Bright colors of yellow and red hues predominate here, with a touch of blue. The composition of colors imposes its will on a dark blackish surface that is neither dull nor completely dark yet gives the painting a more somber note. Instead of the play of colors that suggest the sun and sky in previous works, this painting is quiet and subdued; more inward-looking.
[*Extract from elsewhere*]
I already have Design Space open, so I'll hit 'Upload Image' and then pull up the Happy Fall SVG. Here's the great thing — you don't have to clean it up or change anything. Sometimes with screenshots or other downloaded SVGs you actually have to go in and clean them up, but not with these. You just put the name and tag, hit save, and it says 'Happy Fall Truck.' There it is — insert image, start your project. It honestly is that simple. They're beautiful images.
It seems to be an offshoot of the Sublime series that the artist created earlier in his career. Carreno explains this new direction*

AC.I was changing the title of this year paintings to the process of which they are made, which there is a flow to,  that is uniquely you....Since 2007, I have been using both, traditional brushes and the spatula, so in theory that ... I use the spatula and the palette knife, I use the brushes for lines and on the surface of the painting... the Sublime series, series and most of these work in 2010. so somewhere around 2010, 2011, 12 and 13, 14, I was finished with this work and then started on the Gravitation series.

In his earlier work, Carreno sometimes built up the composition with sand or added layers of paint like encoustic to acquire the translucent quality that this technique affords. But he does not stop at experimentation.

AC: I do not necessarily disregard any of my works and the style that I have to develop and continue to work on, on a contingency basis... just that I suppose I might be interested in experimenting on just the process of the materials itself, or sometimes that might grab your interest ... or put you into the experimentation process that you create another series...and I like that ability to be able to understand that experiment and go in and out and around the styles. I have used others that have an inheritance to that pictorial...picture, I would say groups that I have worked or created.

Unlike some artist who works through a process and feels like they have reached some mode of perfection or conclusion, he does not. He continues to experiment until his recent work borders on the non-representational. Carreno is not beholden of any particular style or movement. He is quite aware of them, yet he does not want to be labeled or constricted by any. In his experimentation with technique and methods, he seems to be hurtling toward the non-representational, and like Obi-Wan Kenobi, the fictional character in Star Wars, he is asking us to trust the force: our instincts. But as human beings we resist, peering into his work as a Rorschach test,

trying to find the familiar, the recognizable, and discovering only a reflection of ourselves, not him. But there is a little disappointment. Carreno is asking us to trust the spiritual, the celestial, for deeper meanings. Then and only then, perhaps, we will see what he sees and knows- that there is always something deeper to explore and learn; we just have to trust our instincts.